▸ **EXERCISE PROMPT**
Please set down only the lines running from the one with "Leon Russell Retro 1970s Fan Design T_Shirt" through the last line of the entries, exactly as written and without any pictures.

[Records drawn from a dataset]
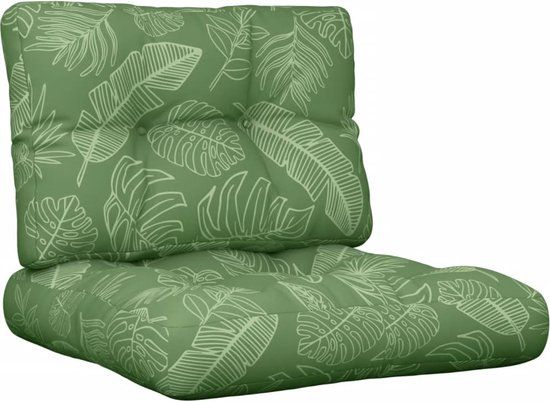 vidaXL Lot de 2 Coussins de Palette, Coussins de Siège de Salon, Coussins de Canapé de Jardin, Coussins de Chaise Extérieur, Motif de Feuilles Tissu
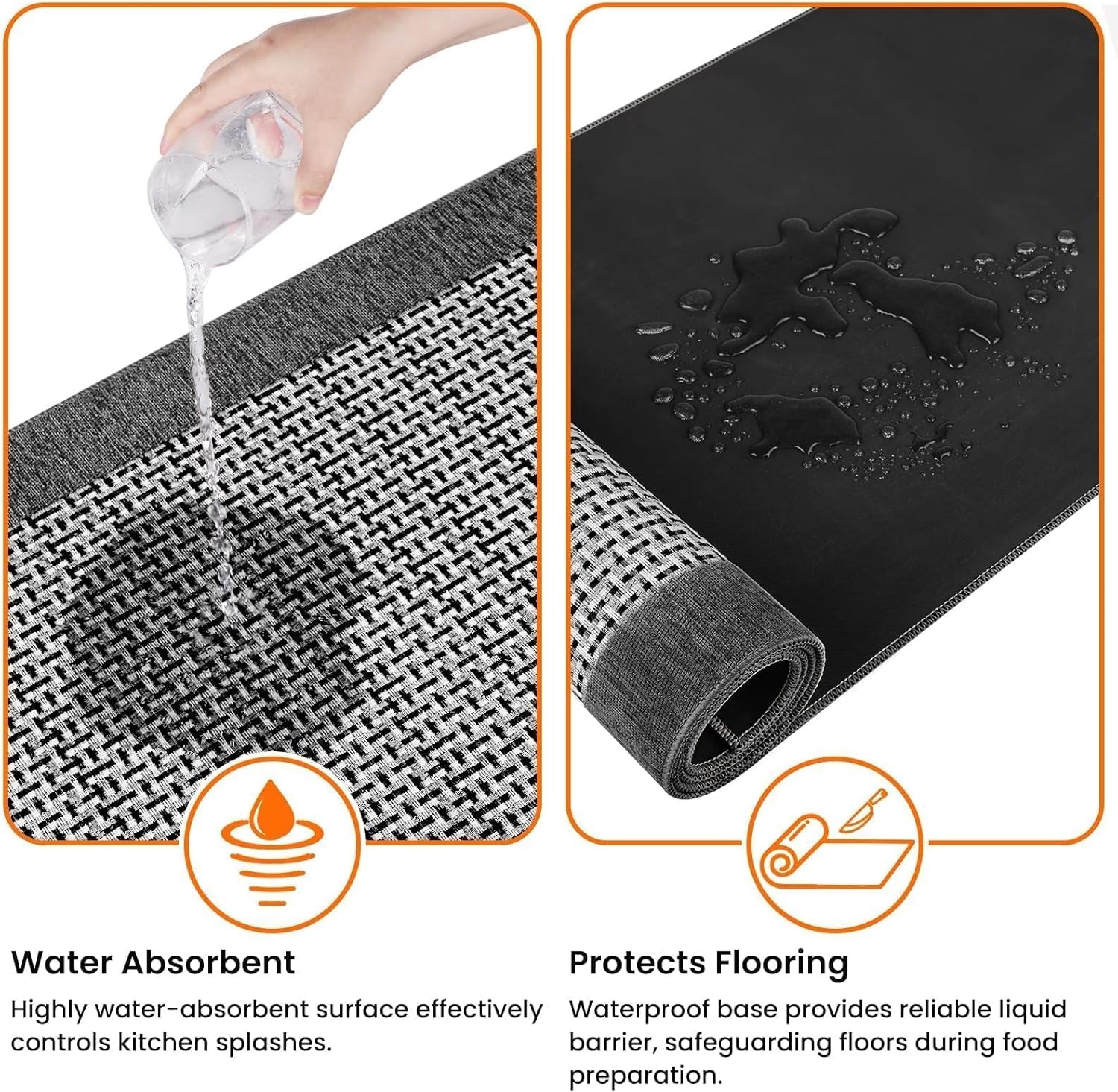 Machine Washable Kitchen Rug Non Slip Absorbent Floor Mat Chenille Carpet gallery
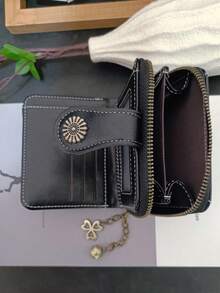 Cartera corta con hebilla de cuero para mujeres, estuche para tarjetas, regalo del Día de la Madre, ligera y de moda para mamá, regalo de aniversario, cumpleaños, para trabajadoras de cuello blanco, cartera de mujer, mini cartera, monedero, cartera de mujer, cartera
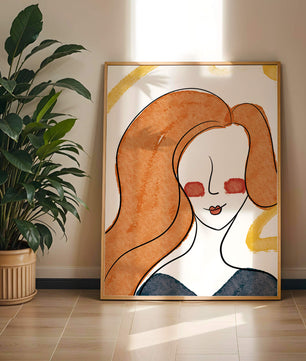 Illustration Of A Woman With Red Hair And Minimalist Features - Mi tienda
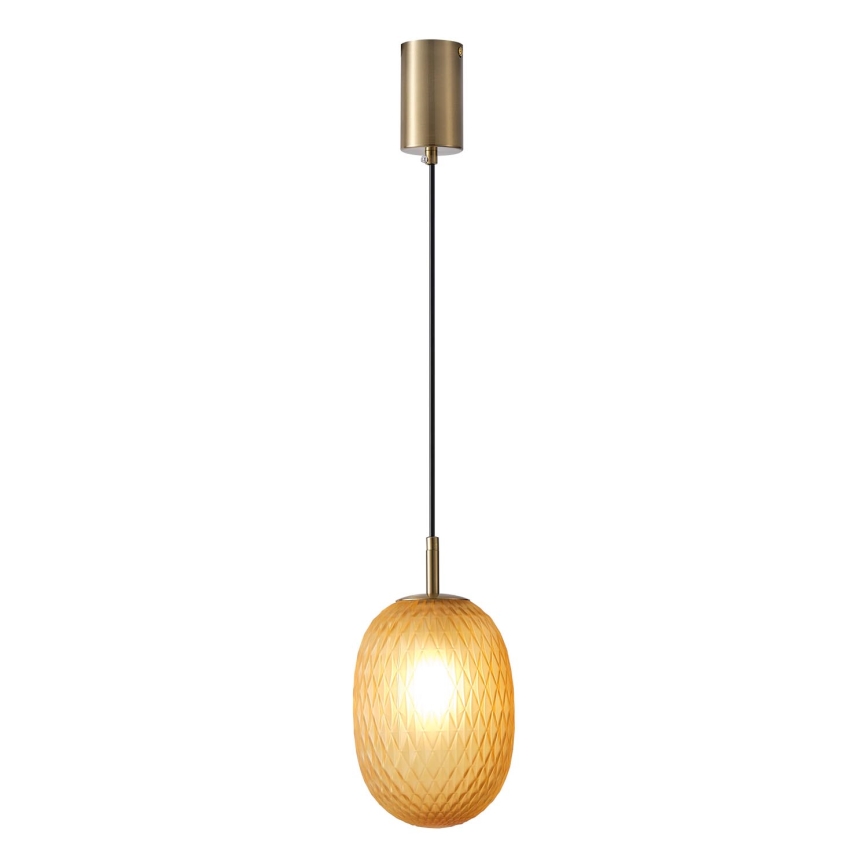Candeeiro suspenso 1xE14/25W/230V castanho pr. 15 cm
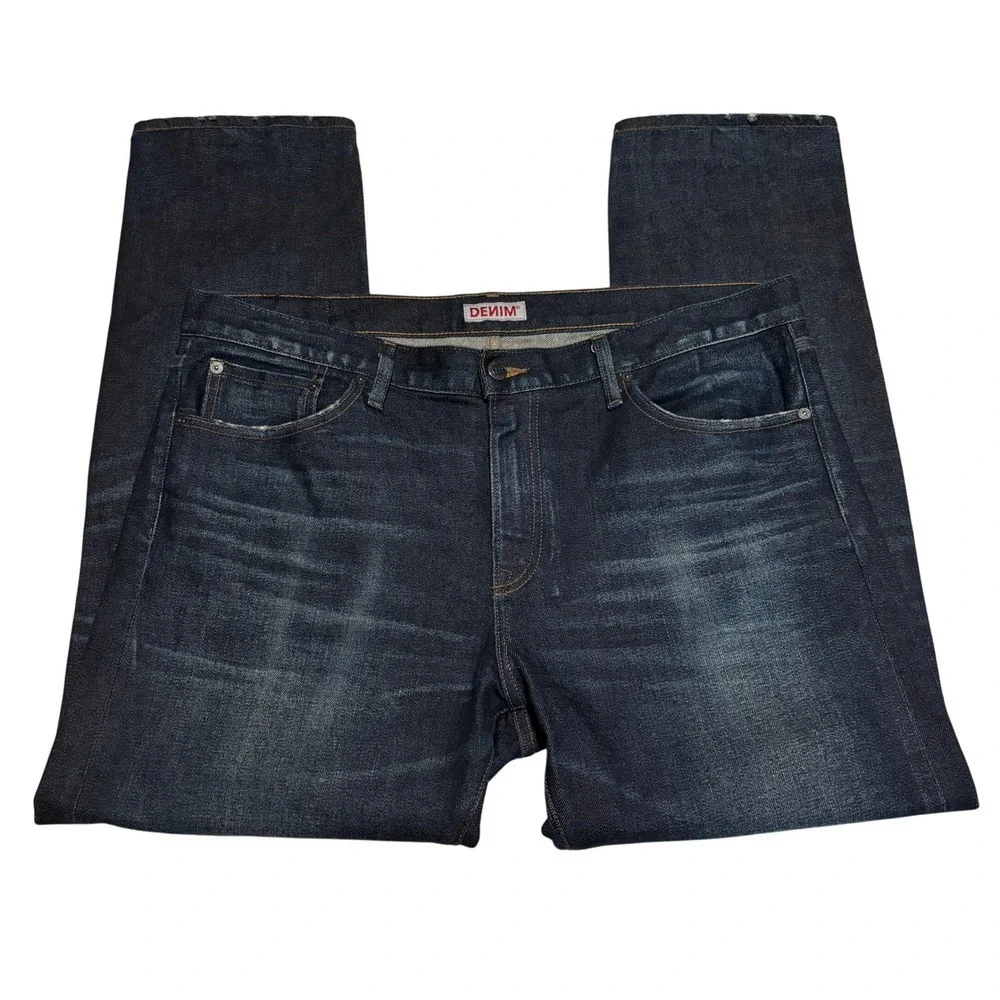 SMN Denim Selvedge Jeans The Hunter Standard Slim Sz 38x28 Dark Wash Distressed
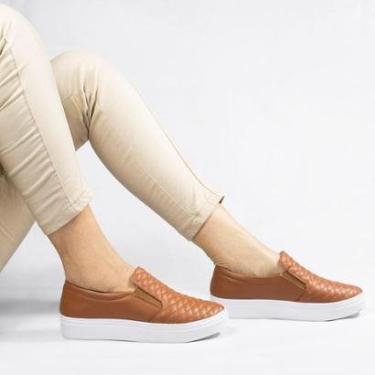 Imagem de Tênis Slip-on Zatta Matelassê Paula Caramelo Marrom 38-Feminino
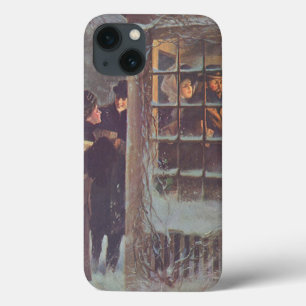 Etui iPhone 13 Noël vintage, personnes victoriennes à une fête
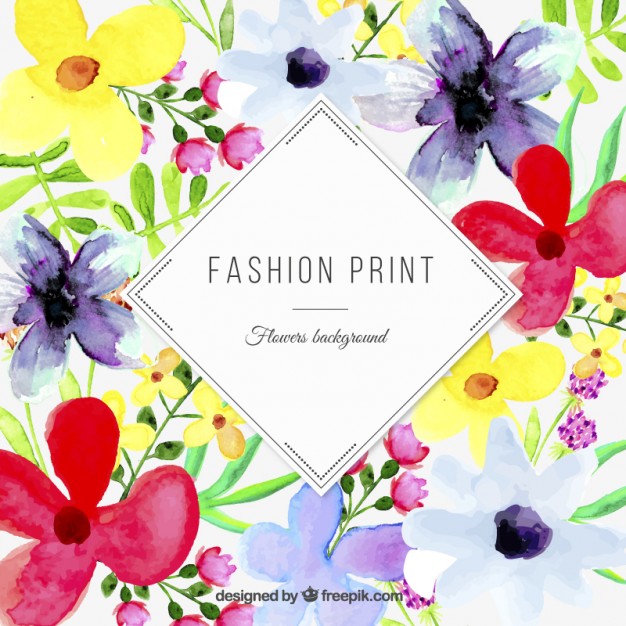 626x626 Watercolor Floral Print Vector Free Download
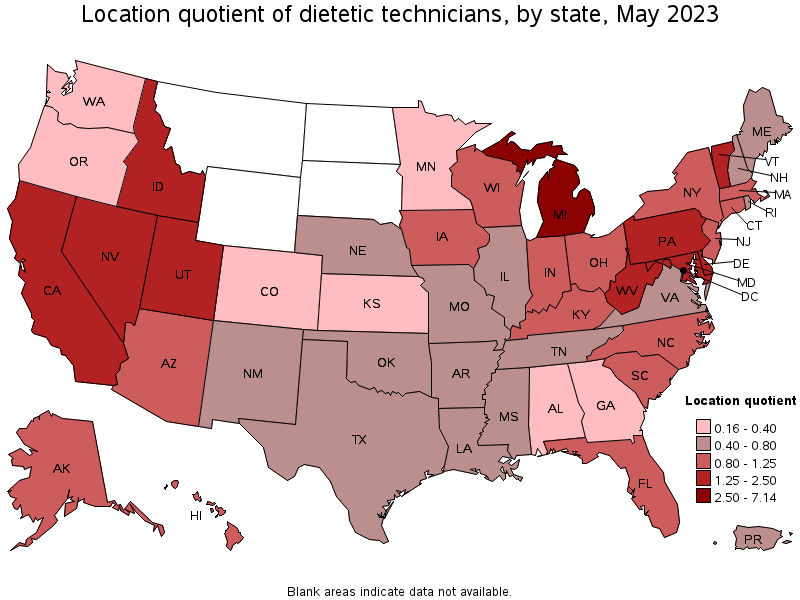 Map of location quotient of dietetic technicians by state, May 2023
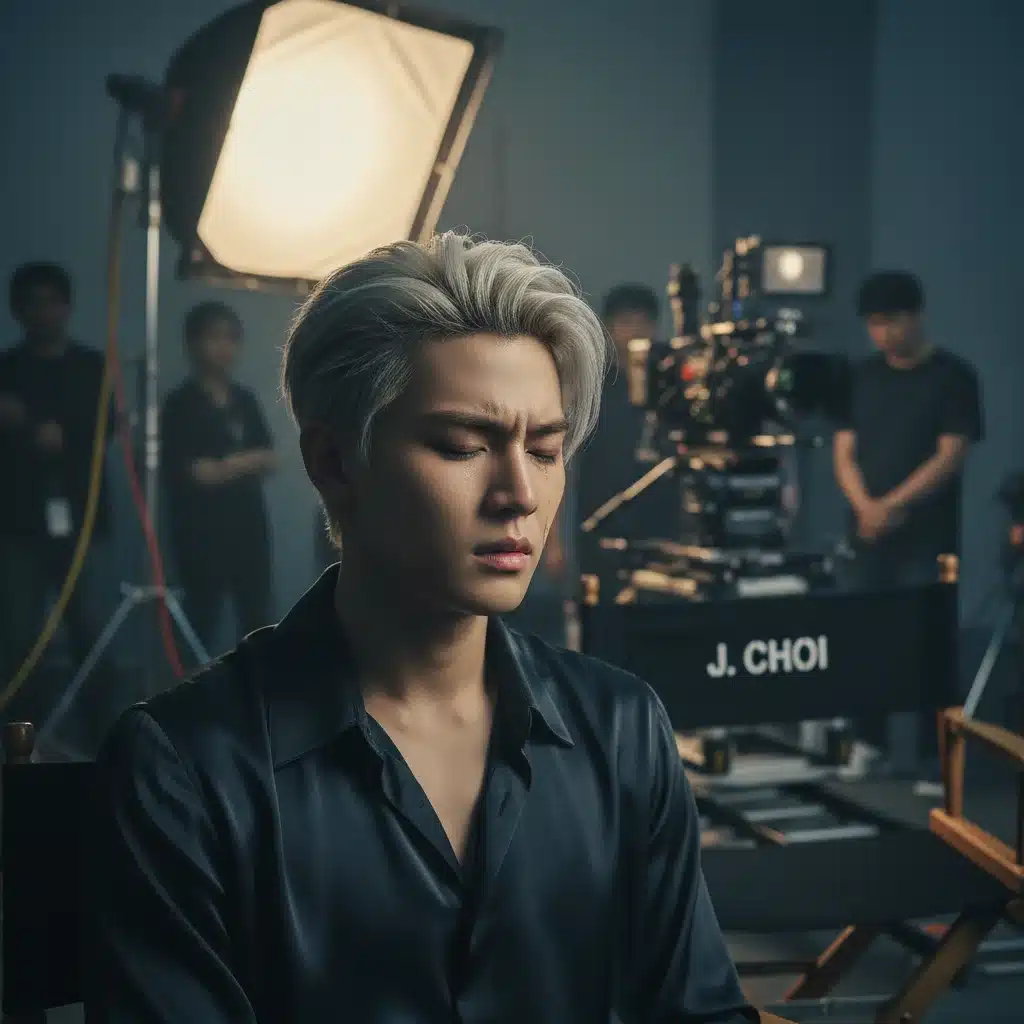 Male K-Pop idol actor delivering an emotional performance on a drama set, showcasing his acting skills.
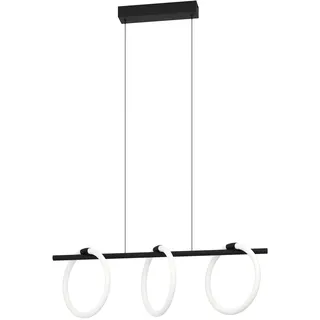EGLO LED Hängelampe Caranacoa, Pendelleuchte Esstisch 3-flammig, Esszimmerlampe aus Metall in Schwarz mit Ringen aus Kunststoff in Weiß, Hängeleuchte warmweiß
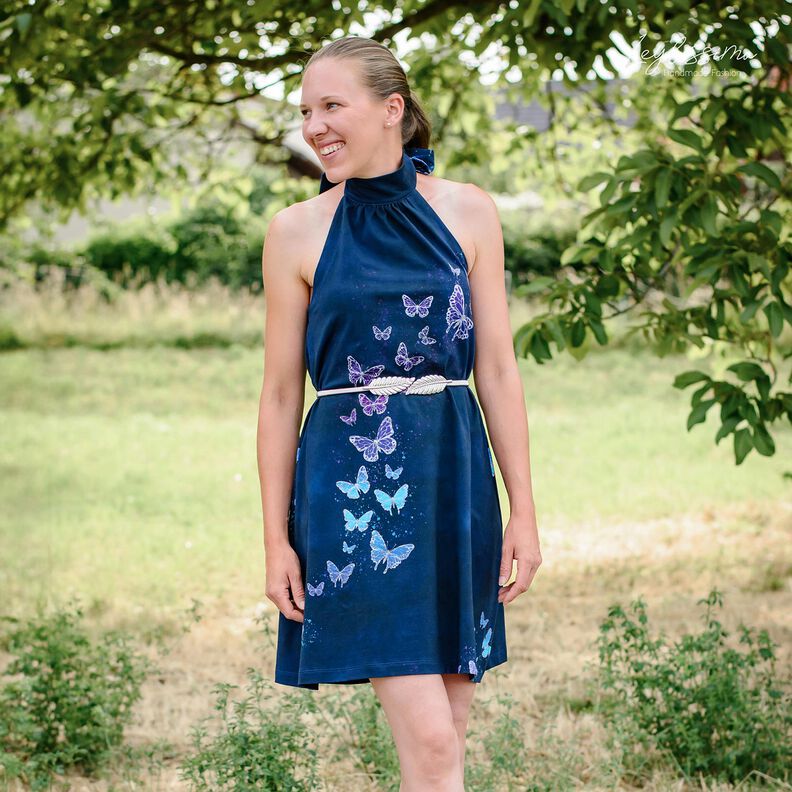 Cotton Jersey gradient butterflies | Glitzerpüppi – midnight blue,  image number 9
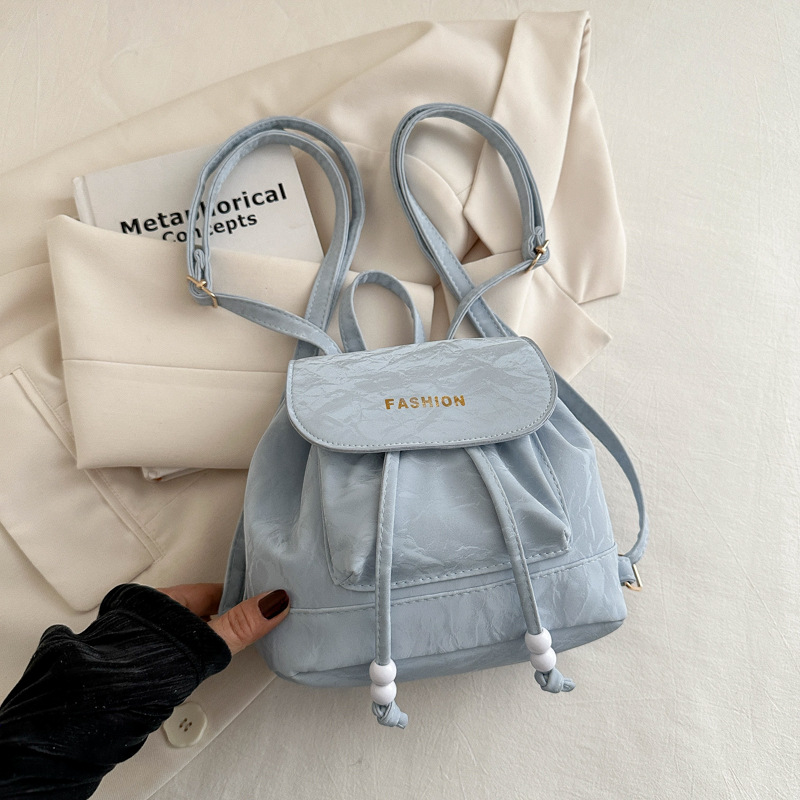 2025 Korean Style Solid Color Women's Bucket Backpack Large Capacity Commuter Bag - Image 3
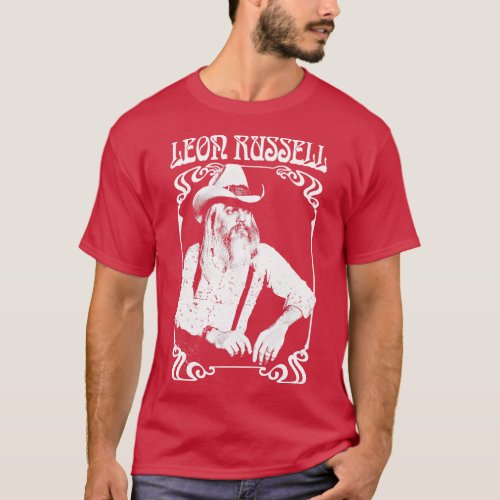 Leon Russell Retro 1970s Fan Design T_Shirt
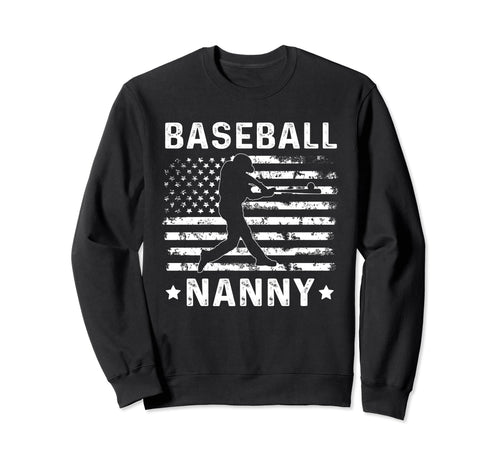 Baseball Nanny Grandma Usa Flag Sweatshirt - Custom Art Print Men Women - T-Shirt, Sweatshirt, Hoodie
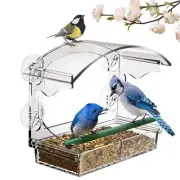 Window Bird Feeder with 4 Strong Suction Cups, Clear Window Bird Feeder for O...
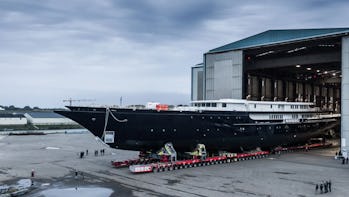 Jeff Bezos Oceanco Y721 superyacht under construction being taxied into storage hanger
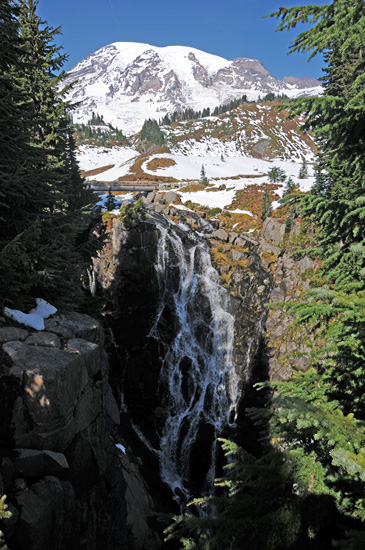 Myrtle Falls log bridge Mt Rainier National Park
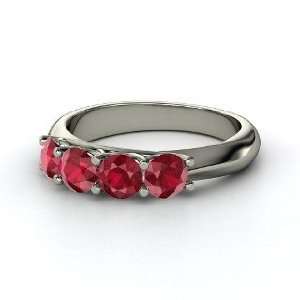  On the Four Front Ring, 14K White Gold Ring with Ruby 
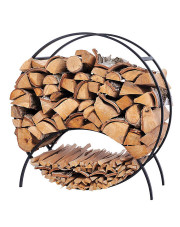 Czarny okrągły stojak na drewno kominkowe 80 cm - Arfo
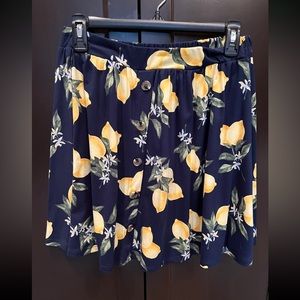 French Grey Amani Button Detail Brushed Knit Skirt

▸ **RESPONSE FOR THIS EXERCISE**
 Leon Russell Retro 1970s Fan Design T_Shirt
 Baseball Nanny Grandma Usa Flag Sweatshirt - Custom Art Print Men Women - T-Shirt, Sweatshirt, Hoodie
 Window Bird Feeder with 4 Strong Suction Cups, Clear Window Bird Feeder for O...
 Jeff Bezos Oceanco Y721 superyacht under construction being taxied into storage hanger
 Myrtle Falls log bridge Mt Rainier National Park
  On the Four Front Ring, 14K White Gold Ring with Ruby 
 Czarny okrągły stojak na drewno kominkowe 80 cm - Arfo
 French Grey Amani Button Detail Brushed Knit Skirt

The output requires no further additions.